Another way of saying this is that R.K Narayan is an exception among Indians writing in English, since his writing and concerns devolve from an older and more indigenous fictional tradition of regional language literature. He is probably the only Indian writer in English that I know of, whose writing many ordinary Indians (at least those from the South) can identify with. When Rushdie (?) made his comment about the inferiority of regional literature in India to writings in English, he displayed his considerable ignorance of the local literary tradition.
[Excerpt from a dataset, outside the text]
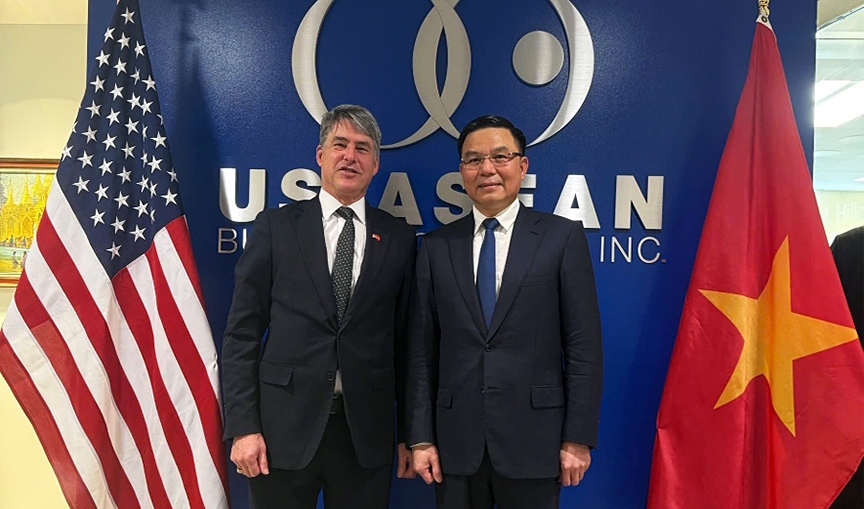 Le Manh Hung (R), Acting Minister of Industry and Trade of Vietnam, and Ambassador Brian Mc Feeters, Interim President and CEO of US-ASEAN Business Council (USABC)  pose for a photo ahead of a roundtable with members of the USABC on February 2. (Photo: MoIT)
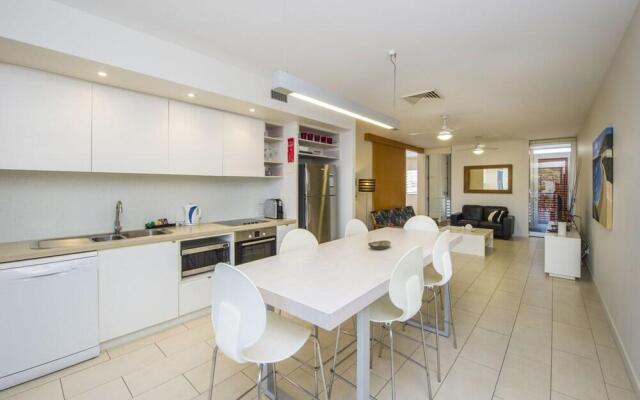 1 Bright Point Apartment 1405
I think that in this context, there is a legitimate distinction between the writer's location and the subjects that the writer chooses to write about.

I would argue that one reason for the poverty of quality
of Indian writing in English is the conscious attempt of many such writers to mould their writings and topics to concerns that they may find interesting to foreign readers.
Unfortunately, a reader's tastes and concerns have a specific cultural context, and are partially the result of a certain literary tradition and culture. It is hard to fit into such a tradition by writing fiction based in an entirely alien cultural environment. In my opinion, Narayan was successful partially because he avoided this trap.

7:45 PM  
Prashant Kothari said...

Kaushik and I had an online debate re some of the questions you raise


----------------------------
Banerjee laments the absence in India of the “publishing infrastructure of the kind that exists in the Western world, making books much more accessible to the common person. It is nearly impossible to get a steady supply of good books in the small towns of India, and the prices put them beyond the reach of most people living in provincial towns. Cheaper editions and a better distribution network can increase the market size for Indian English books considerably"

I agree with Banerjee that the publishing and distribution infrastructure within India could be much improved.

But in my opinion, the primary challenge is on the demand side i.e., there’s just not a big enough market within India to sustain the Indian-Writing-in-English (IWE) genre.

This will change. In a decade or so, there will emerge a critical mass of Indians fluent in English and with the necessary standard of living to generate an internal demand for quality writing. But till then, most of the revenue for Indian authors will continue to come from the West.

To some extent, this weakness on the demand side explains the dearth of English translations of Indian language works (Banerjee’s final point).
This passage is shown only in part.